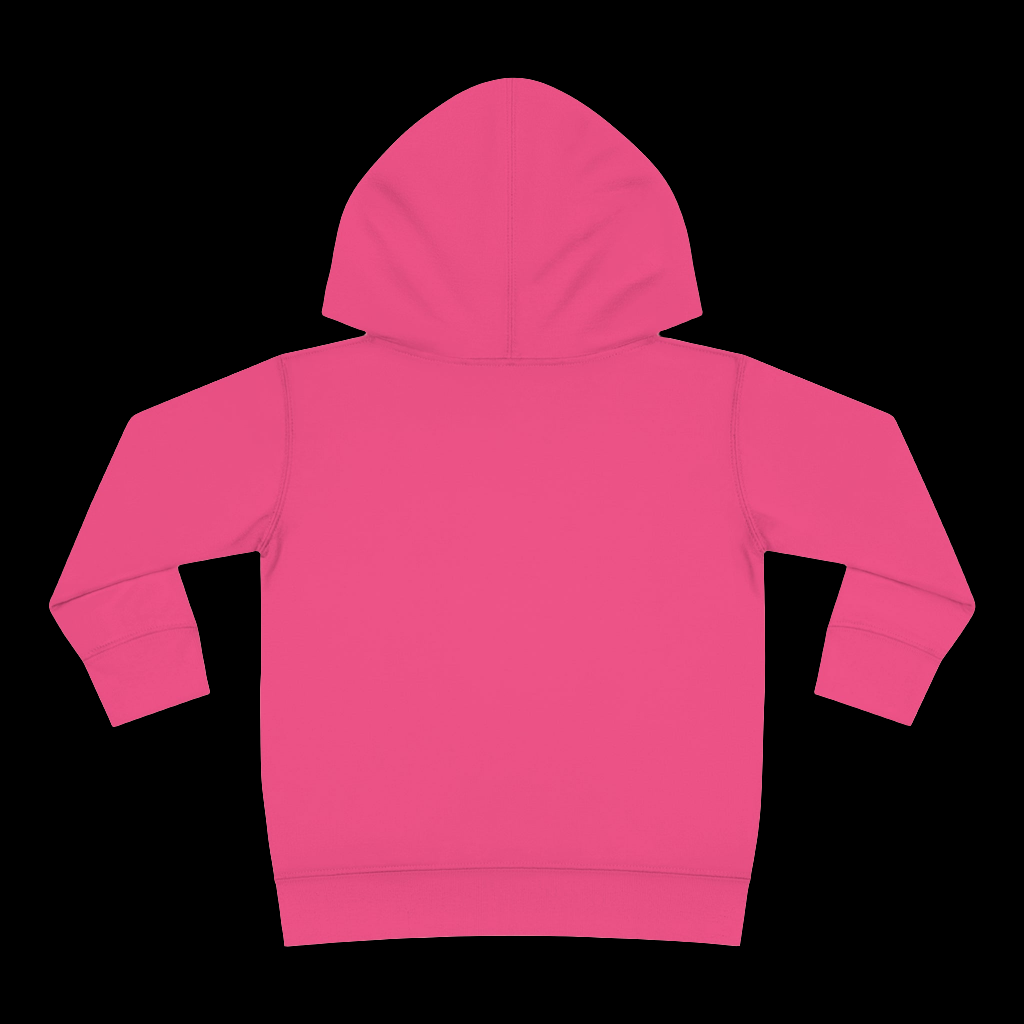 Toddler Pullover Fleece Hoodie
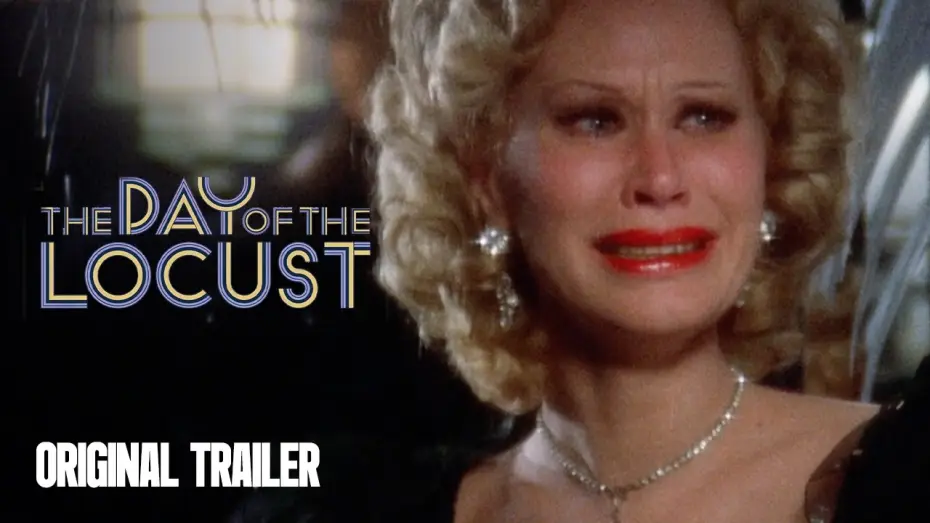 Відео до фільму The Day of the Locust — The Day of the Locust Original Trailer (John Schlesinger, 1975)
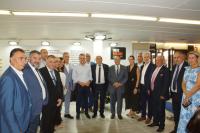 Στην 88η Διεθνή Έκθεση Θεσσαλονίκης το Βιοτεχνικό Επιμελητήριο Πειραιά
+---+
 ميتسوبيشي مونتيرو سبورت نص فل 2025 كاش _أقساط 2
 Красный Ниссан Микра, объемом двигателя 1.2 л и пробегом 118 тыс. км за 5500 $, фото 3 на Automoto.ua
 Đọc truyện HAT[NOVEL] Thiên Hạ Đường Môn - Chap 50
+---+
Goal of the exercise ->
Repeat the lines above exactly, beginning with the one containing "Toddler Pullover Fleece Hoodie" and finishing with the one containing "Στην 88η Διεθνή". No pictures belong in the copy.

Reply to the task ->
 Toddler Pullover Fleece Hoodie
 Відео до фільму The Day of the Locust — The Day of the Locust Original Trailer (John Schlesinger, 1975)
 Στην 88η Διεθνή Έκθεση Θεσσαλονίκης το Βιοτεχνικό Επιμελητήριο Πειραιά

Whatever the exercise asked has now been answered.